Oke sekarang gue akan ngomong kemana-mana (haha). Pertama, gue berhasil memuatkan bagasi gue seberat 29.9 kg (dari batas 30 kg, win!). Kedua, gue menyesal enggak membawa bantal leher padahal bisa gue tenteng. Ketiga, gue selalu ingat dan tersentak untuk mendengarkan Rather Be nya Clean Bandit semenjak menjemput dila ketika ia pulang pertama kali semenjak ia ke Belanda. Keempat, gue bersyukur memilih naik Garuda Indonesia karena hiburan dalam pesawatnya memiliki konten-konten film Indonesia. Dan yang terpenting, film-film tersebut adalah film-film yang sangat ingin gue tonton tapi tidak memungkinkan dengan kondisi gue di Britania Raya. Pada saat tulisan ini dibuat, gue berada 4 jam dari Indonesia dan sudah melahap “Ini kisah tiga dara”, “Sing” (hanya penyejuk mata dan hanya bagian konser terakhir), “Your Name” (lagi hanya menemani waktu makan malam dan hanya bagian lagu zen-zen-sense serta dari kataware-doki hingga selesai), dan gue baru saja menyelesaikan “surat cinta untuk kartini” dengan berlinang air mata. Setelah ini gue mau mengakhiri seri marathon gue dengan sabtu bersama bapak dan gue akan menulis ulasan singkat dari tiap film Indonesia tersebut disini.

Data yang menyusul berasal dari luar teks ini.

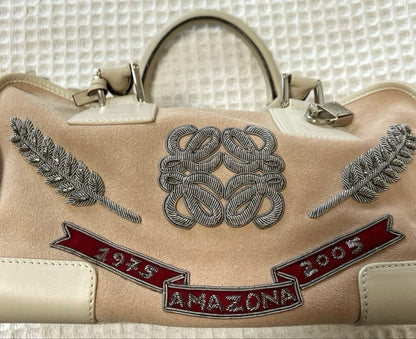 LOEWE Amazona embroidered handbag, pink beige #QYAJG6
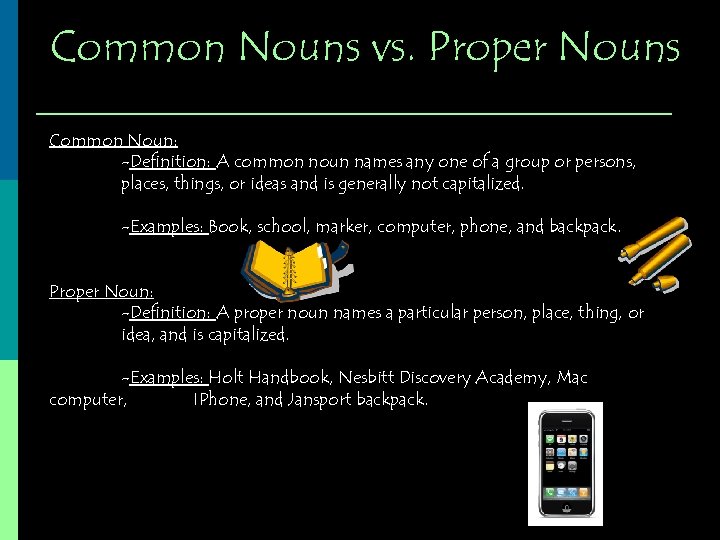 Common Nouns vs. Proper Nouns Common Noun: -Definition: A common noun names any one
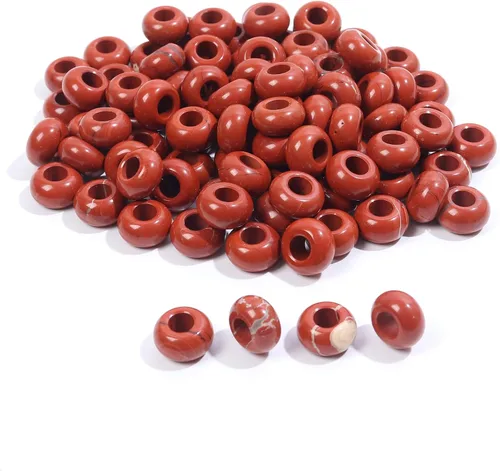 Miniatura 8 de favoramulet 25 cuentas europeas de Rondelle con agujero grande (0.197-0.236 in) para pulseras de dijes, fabricación de joyas, ágata negra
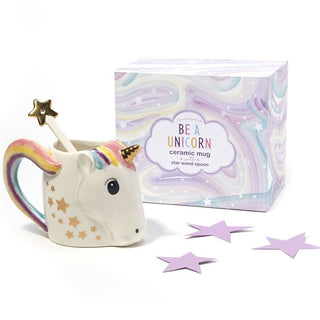 Cupcakes And Cartwheels Be A Unicorn Ceramic Mug With Star Wand Spoon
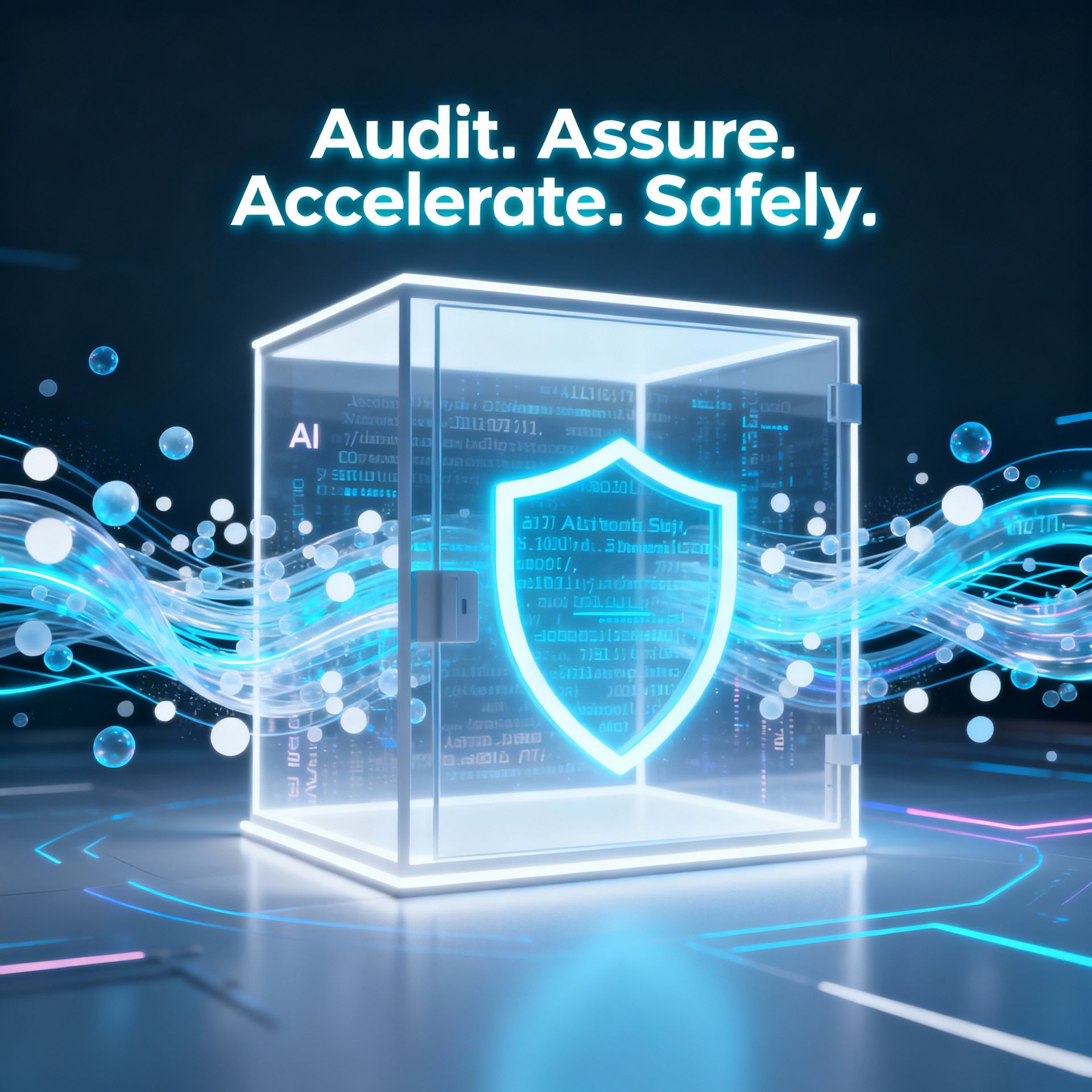 Digital shield inside a glass cube symbolizing secure, validated, and compliant AI acceleration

Mungkin rasa dari tulisan ini akan tiba-tiba berubah disini karena sejujurnya tulisan ini gue lanjutkan di 2 hari sebelum gue kembali ke Britania Raya (haha). Tapi intinya, setelah menonton “sabtu bersama bapak”, gue tambah berlinang air mata sampai dilihatin sama bocah kursi sebelah. Perduli amat (haha).

Jadi untuk “ini kisah tiga dara”, gue semacam tetap terpana melihat Tara Basro. Enggak akan pernah bosan. Filmnya sendiri gue cukup suka karena mungkin mood gue sedang ingin menonton film musikal. Gue juga suka dengan fakta adanya titiek puspa yang tidak asing dalam masa kecil gue. Gue harus mengakui film ini sebetulnya bagus untuk ide memodernkan film Indonesia dahulu. Namun sayangnya, gue beberapa kali melihat ada adegan dengan gambar yang cukup kasar dan agak mengganggu pengalaman menonton gue. Beberapa dialog juga agak dipaksakan tapi kalau gue berpikir dari sudut adaptasi film 1957, mungkin memang sulit ya. Tapi pada akhirnya, gue merasa terhibur kok menonton film ini. Satu hal yang pasti, gue ingin ke maumere.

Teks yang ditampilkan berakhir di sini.